Chiang Rai, Thailand – Dion Zein Nuridzin, SKM, MKM, dosen Fakultas Kesehatan Masyarakat Universitas Diponegoro (Undip), berhasil mengikuti konferensi tahunan Asia-Pacific Academic Consortium for Public Health (APACPH) 2025 yang diselenggarakan oleh Mae Fah Luang University, Chiang Rai, Thailand, pada 4–7 November 2025.
Pada konferensi bertajuk “Public Health in the Era of Global Challenges” ini, Dion mempresentasikan makalah ilmiah berjudul “Examining Disparities in Total Fertility Rate Among Indonesian Women from 2007 to 2017” di sesi paralel yang dihadiri pakar kesehatan masyarakat se-Asia Pasifik.
Sebelum konferensi utama, beliau juga mengikuti Pre-Conference Workshop bertema “Systems Thinking Model Building” yang dipandu langsung oleh Prof. Nobuo Nishi dari Graduate School of Public Health, St. Luke’s International University, Jepang.
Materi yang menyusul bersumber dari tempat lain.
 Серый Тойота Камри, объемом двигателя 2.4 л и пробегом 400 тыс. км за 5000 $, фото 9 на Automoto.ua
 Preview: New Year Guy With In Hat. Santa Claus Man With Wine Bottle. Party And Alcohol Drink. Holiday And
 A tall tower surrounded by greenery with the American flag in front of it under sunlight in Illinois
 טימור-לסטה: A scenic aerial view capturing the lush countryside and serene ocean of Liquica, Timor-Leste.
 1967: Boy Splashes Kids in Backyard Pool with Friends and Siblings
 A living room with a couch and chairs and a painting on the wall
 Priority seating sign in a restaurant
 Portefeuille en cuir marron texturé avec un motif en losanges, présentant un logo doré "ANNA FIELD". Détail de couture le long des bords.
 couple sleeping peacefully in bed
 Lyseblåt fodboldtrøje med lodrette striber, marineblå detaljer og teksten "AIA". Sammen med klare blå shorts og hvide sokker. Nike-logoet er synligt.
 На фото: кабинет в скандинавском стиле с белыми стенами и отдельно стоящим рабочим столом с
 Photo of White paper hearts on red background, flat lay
Selama kegiatan International Academic Networking (IAN) ini, Dion berhasil memperluas dan memperkuat jejaring akademik dengan institusi-institusi ternama dunia, antara lain:
-
Curtin University dan University of Queensland (Australia)
-
Mae Fah Luang University (Thailand)
-
St. Luke’s International University (Jepang)
-
Universiti Malaya (Malaysia)
-
Department of Global Health Policy, Graduate School of Medicine, The University of Tokyo (Jepang)
-
serta puluhan universitas dan lembaga kesehatan masyarakat lain dari kawasan Asia-Pasifik.
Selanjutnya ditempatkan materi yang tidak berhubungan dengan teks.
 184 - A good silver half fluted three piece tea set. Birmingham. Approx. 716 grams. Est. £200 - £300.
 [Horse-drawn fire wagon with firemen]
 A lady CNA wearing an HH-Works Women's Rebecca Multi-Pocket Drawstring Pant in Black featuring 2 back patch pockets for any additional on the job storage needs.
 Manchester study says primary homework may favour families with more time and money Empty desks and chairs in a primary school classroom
Kegiatan ini didanai penuh oleh Fakultas Kesehatan Masyarakat Universitas Diponegoro sebagai bagian dari program internasionalisasi dan peningkatan kapasitas dosen.
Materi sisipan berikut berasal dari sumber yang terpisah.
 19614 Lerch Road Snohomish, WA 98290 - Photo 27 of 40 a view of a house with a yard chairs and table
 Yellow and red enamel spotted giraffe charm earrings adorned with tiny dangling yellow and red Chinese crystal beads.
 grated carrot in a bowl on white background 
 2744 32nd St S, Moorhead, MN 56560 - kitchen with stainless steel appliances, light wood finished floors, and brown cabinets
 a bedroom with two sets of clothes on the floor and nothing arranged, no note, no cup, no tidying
Dion Zein Nuridzin, SKM, MKM, menyatakan:
“Partisipasi di APACPH 2025 tidak hanya memberikan kesempatan untuk menyebarluaskan hasil riset tentang ketimpangan fertilitas di Indonesia, tetapi juga membuka pintu kolaborasi riset jangka panjang dengan beberapa universitas terbaik di kawasan Asia-Pasifik. Workshop systems thinking bersama Prof. Nishi juga sangat memperkaya cara pandang saya dalam memodelkan isu kesehatan masyarakat yang kompleks.”